Трилогия «Нашествие монголов» («Чингисхан», 1939, «Батый», 1942, «К последнему морю», 1955) и роман «Юность полководца» (1952), повествующий о подвигах Александра Невского, вошли в золотой фонд советского исторического романа. Знаток Востока, знаток древней истории, почитатель князя Александра Ярославича, писатель дореволюционной выучки — Ян создавал очень советские книги. В его романах даже заглавные герои — Чингисхан и Батый — не довлели над повествованием. Для Яна цвет и соль истории — это народ, а не его великие погонщики. Эти книги выходили в чрезвычайное время — перед войной, в годы войны и после Победы. А тема Яна — трагическая эпоха в истории народов Советского Союза. Монголы сильнее — и доказывают это почти в каждом сражении. Но Ян не был бы советским писателем, если бы повествовал о череде поражений без просветов. Книги о монгольских завоеваниях пропитаны верой в то, что их власть не вечна, что сломить народный характер не удастся. Ведь мы знаем больше, чем герои XII века! «Прошлое и настоящее связаны крепкими узами, и в великих событиях прошлого можно найти очень много аналогичного и поучительного, что будет созвучно нынешней величественной эпохе», — так писатель определял своё кредо.
И всё-таки «пробить» первую книгу трилогии было непросто. Хотя бы потому, что Ян к тому времени даже не состоял в Союзе писателей…
Но в библиотеках за книгой о хане Чингизе сразу стали выстраиваться очереди.
С первых же слов, принадлежащих дервишу Хаджи-Рахиму, мы чувствуем себя путешественниками в прошлое. Этот мудрый и хваткий пролог стоит процитировать: «Если человеку выпадет случай наблюдать чрезвычайное, как-то: извержение огнедышащей горы, погубившее цветущие селения, восстание угнетенного народа против всесильного владыки или вторжение в земли родины невиданного и необузданного народа – все это видевший должен поведать бумаге. А если он не обучен искусству нанизывать концом тростинки слова повести, то ему следует рассказать свои воспоминания опытному писцу, чтобы тот начертал сказанное на прочных листах в назидание внукам и правнукам. Человек же, испытавший потрясающие события и умолчавший о них, похож на скупого, который, завернув плащом драгоценности, закапывает их в пустынном месте. Когда холодная рука смерти уже касается головы его. Однако, отточив тростниковое перо и обмакнув его в чернила, я задумался в нерешительности…»

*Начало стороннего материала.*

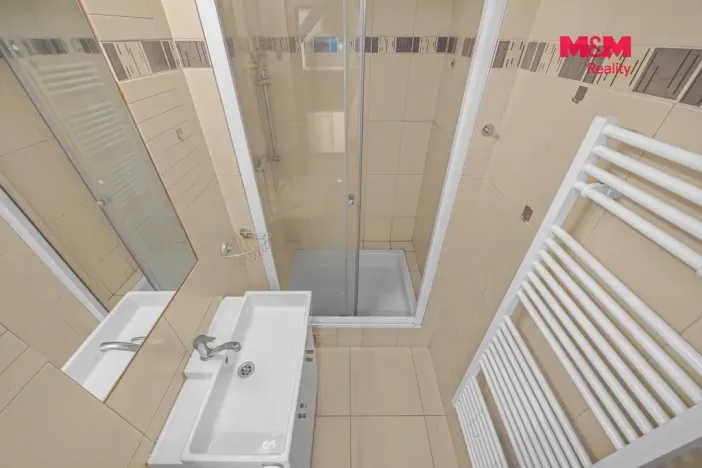 Pronájem bytu 1+kk, Praha - Libeň, Nad Kolčavkou, 28 m2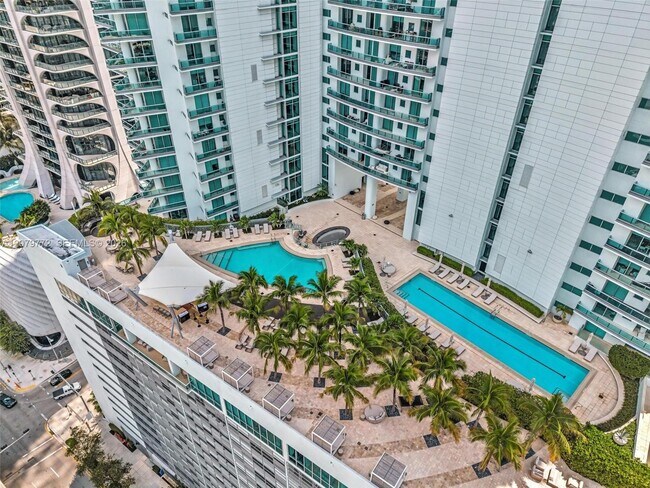 Building Photo - 900 Biscayne Blvd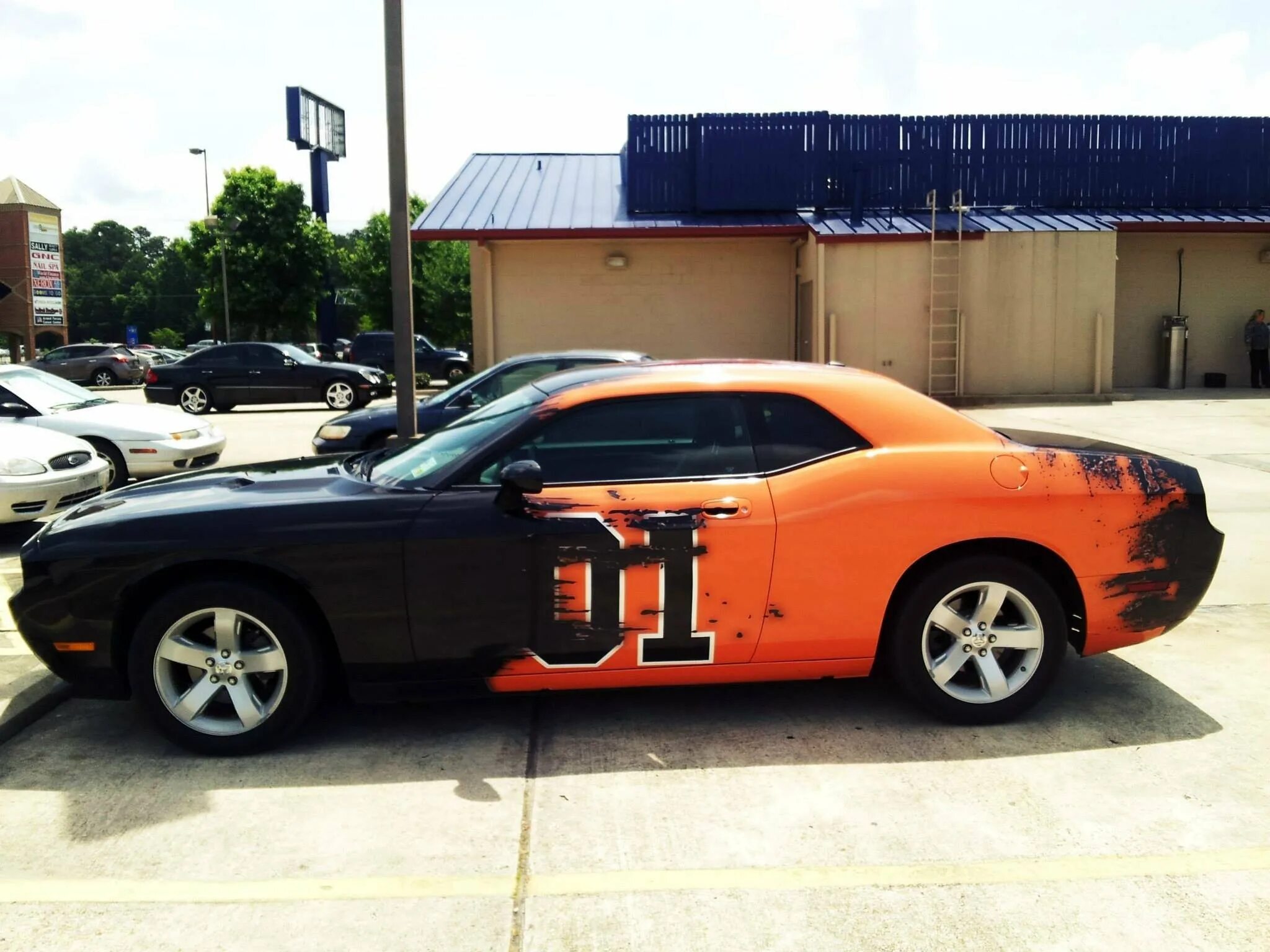 Двухцветный Додж Челленджер. Dodge Challenger окрас. Dodge Charger двухцветный. Винил на Додж Чарджер.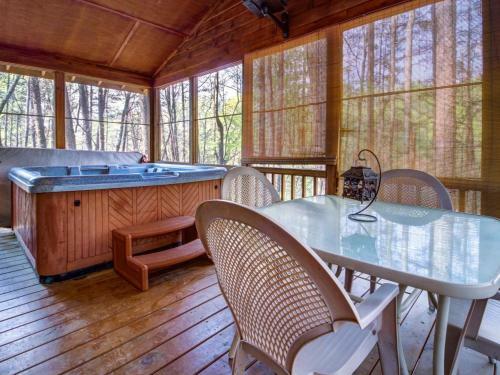 Artisan Hideaway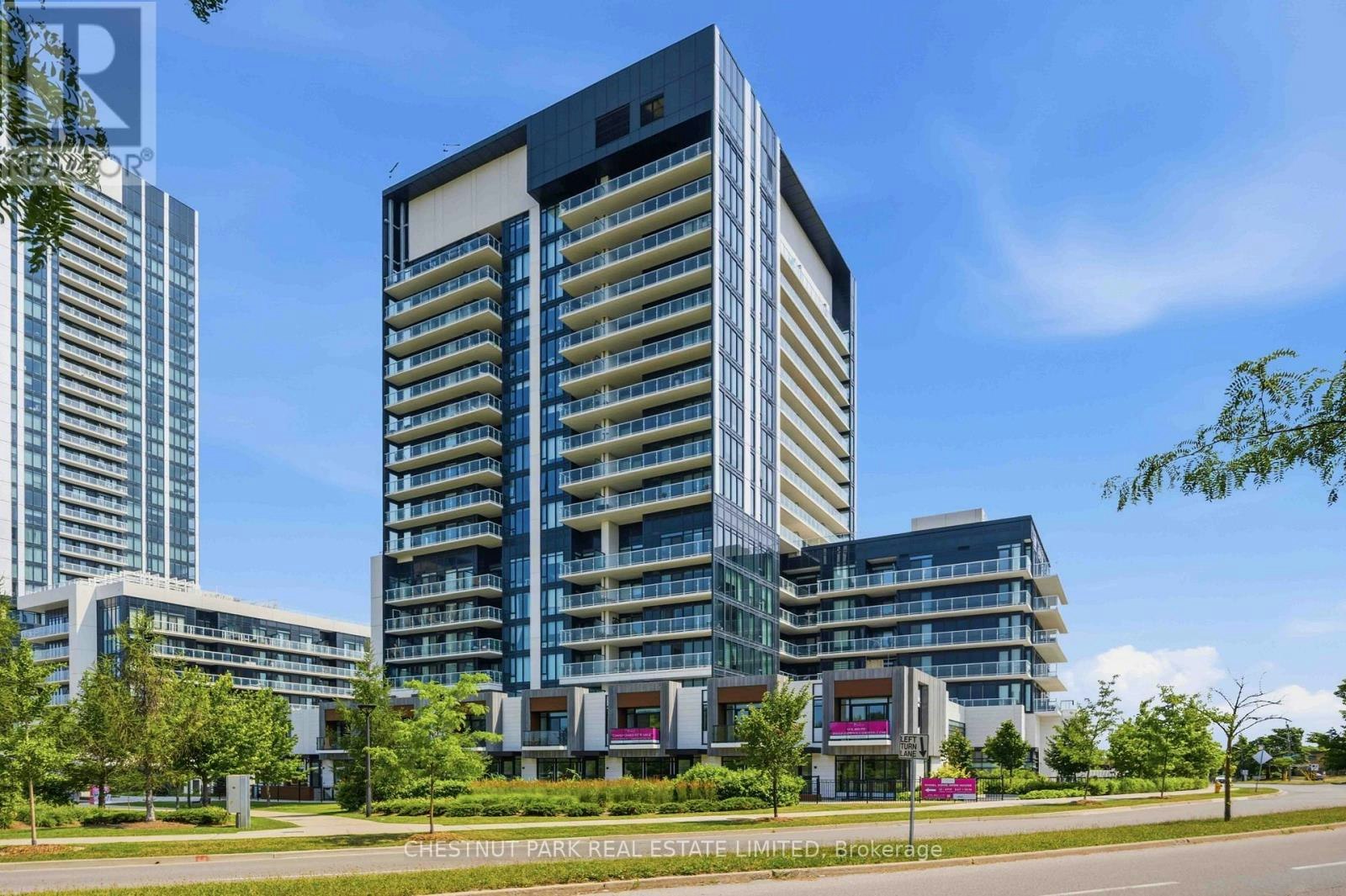 TH104-20 O'neill Road, Toronto, ON, M3C 0R2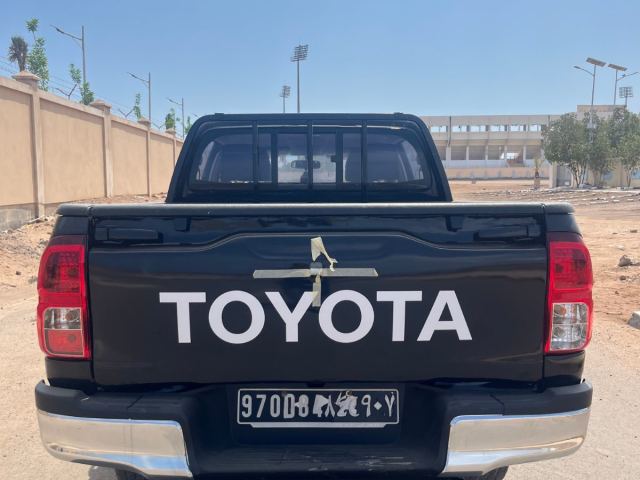 Toyota Hilux double cabine 4x4 2020, automatique, 77 000 km - photo 4 sur 8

Без скучной риторики, в череде приключений
Ян показывает, что основа всего — это трудящийся народ, крестьяне, ремесленники, воины разных народов, включая завоевателей. Такая человечность отличала именно советский канон исторического романа,
и Ян соответствовал ему в большей степени, чем кто-либо.
Добавим и очевидное: Ян, не нарушая простоты жанра, писал изящно, афористично, умело украшая повествование восточными орнаментами. Как будто он писал тростниковым пером, как его герои.
А о его идейной оснастке можно судить по дневниковой записи о творчестве художника Святослава Рериха, которого Ян знал с юности: «Россия, которую он изображает — это покорные богомольные «не от мира сего» мужики, покорные власти, покорные богу и судьбе. А ведь Россия в действительности показала себя бурным, свободолюбивым народом Чапаева, Зои Космодемьянской — этот народ не нуждается в богомольных картинах».
С такими мыслями Ян приступил к своим последним книгам, главным героем которых был Александр Невский. Он умер в августе 1954 года, в ореоле поздней славы, оставив на рабочем столе сразу несколько незавершённых рукописей. Его главные книги и после смерти автора переиздавались миллионными тиражами. Не забыты они и в наше время.